For almost 50 years, the fight against bacteria that cause everything from pneumonia to strep throat has been a crude war of attrition conducted on the molecular level.

Antibiotics are developed, and within years, sometimes months, bacteria develop ingenious methods to resist them. New drugs are developed, and new defense systems arise.Now the battlefield is changing, for new strains of bacteria are emerging that are using a little-understood defense system that is chilling in its implications. The bacteria are incorporating DNA, the genetic blueprint of life, from unknown sources to remake themselves into cells that are incredibly resistant to almost all antibiotics.

"The mechanism of trading (DNA) is amazing," Alexander Tomasz told writers gathered for a conference sponsored by the Council for the Advancement of Science Writing.

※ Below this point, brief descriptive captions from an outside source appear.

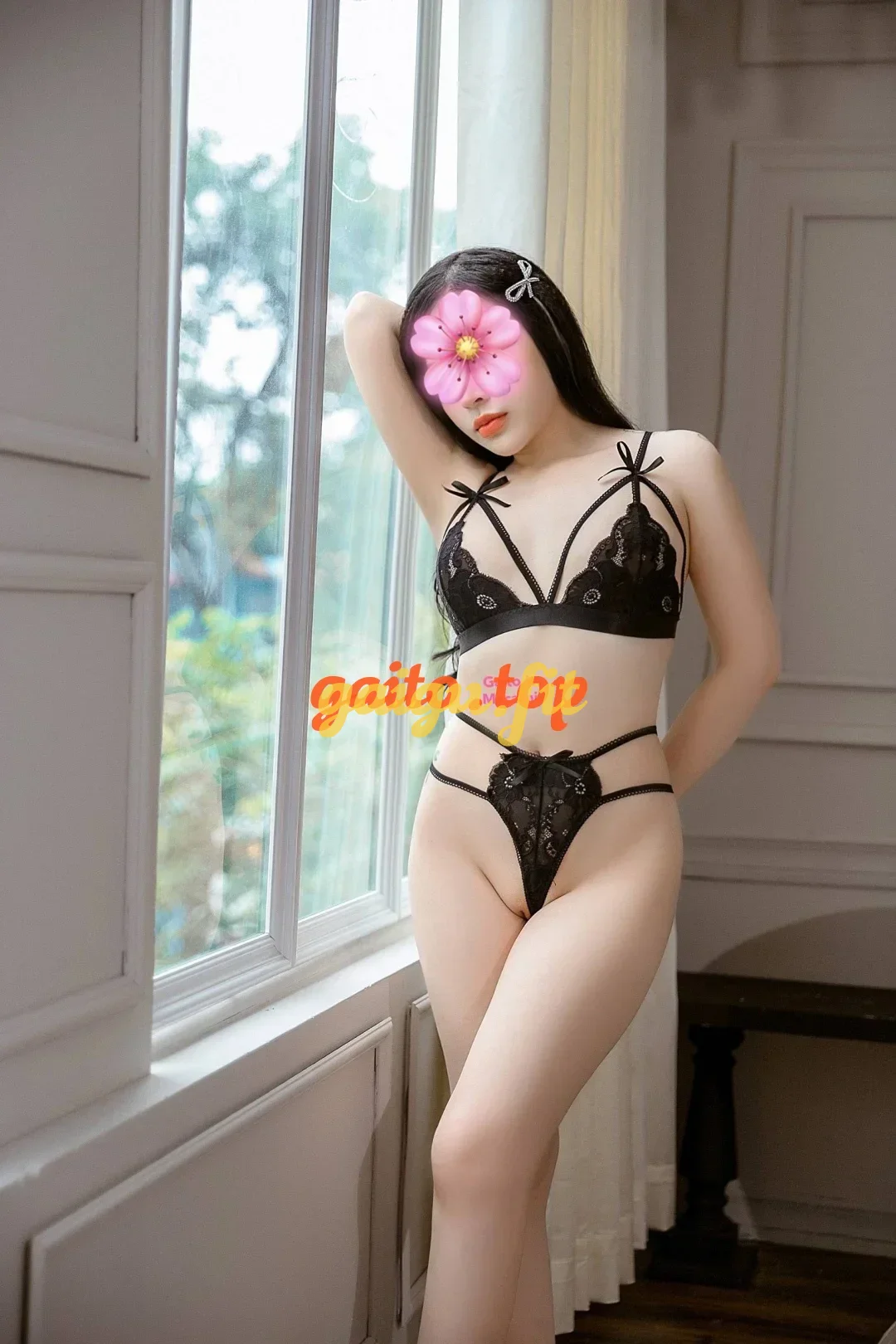Kami - Cute Ngoan Xinh , Siêu Chiều Khách , Dâm Đãng , Chất Lượng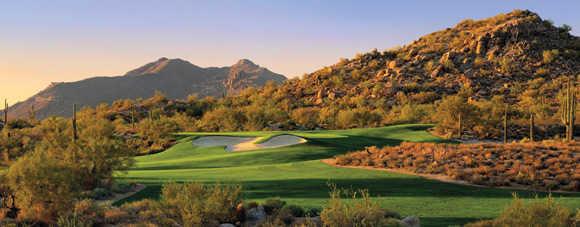 Whisper Rock Golf Club - Reviews & Course Info | GolfNow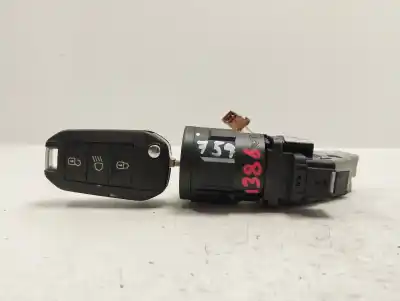 Pièce détachée automobile d'occasion  pour PEUGEOT 208  Références OEM IAM 1608682880  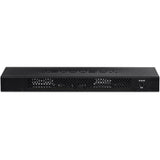 Trendnet 16-Port Gigabit Poe+ Switch(123w)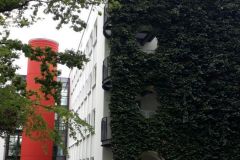 BRK-Heim in Tirschenreuth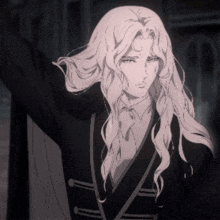 Castlevania Gif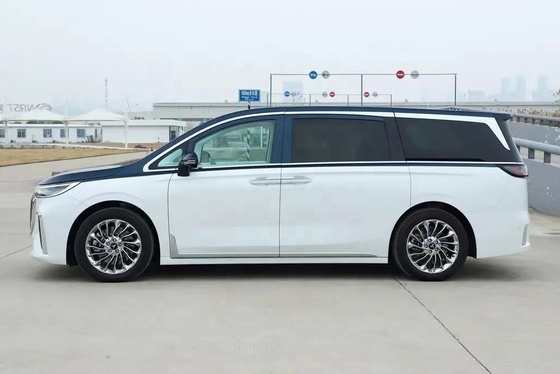 Voyah ドリーマー タッチスクリーン 中型・大型ビジネス用車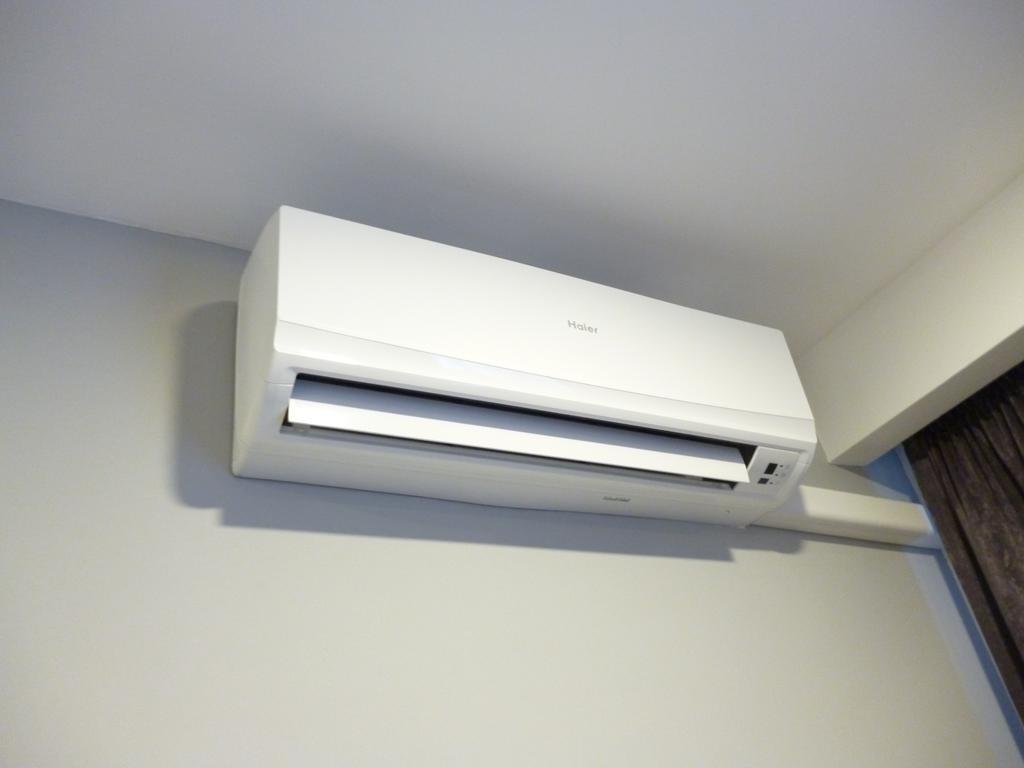 Apartment Forino SJJ Chambre photo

Because the bacterium has fundamentally changed itself by taking in the unknown strand of DNA, it is not merely mutating, as has been the case in the past. It is becoming something new.

Tomasz is the head of the Rockefeller University's laboratory of microbiology and specializes in what he described as the armaments race between science and bacterial infections.

"We don't know yet who the maker of this DNA sequence is," he said, referring to other cells in the body where the DNA apparently comes from. But the new DNA-altered bacteria are "seeping out of hospitals" around the world and getting into the healthy population.

When confronted with the super-resistant bacteria, Tomasz said, "There is a chill that goes down the spines of doctors."

Several strains of highly resistant bacteria associated with pneumonia have been discovered in Hungary and may be common in much of Eastern Europe, he said. A similar strain also has been found in some groups of American Indians.

The difference between the new superstrains of bacteria and the more common strains is best described via the war analogy, he said.

In the past, bacteria developed chemical shields against the antibiotic arrows of doctors. Penicillin and other antibiotics ran into the shields as they tried to attach themselves to the surface of the bacteria. Another defense, Tomasz said, was that of a bazooka against a tank. The bacteria would actually send out chemicals to destroy the incoming antibiotic.

Other bacteria would allow the antibiotic into a cell, but would pump it back out before it could do any damage.

Each defense led to the development of a new offensive weapon, and about 45,000 antibiotic drugs have been developed to overcome the wide assortment of bacterial defenses.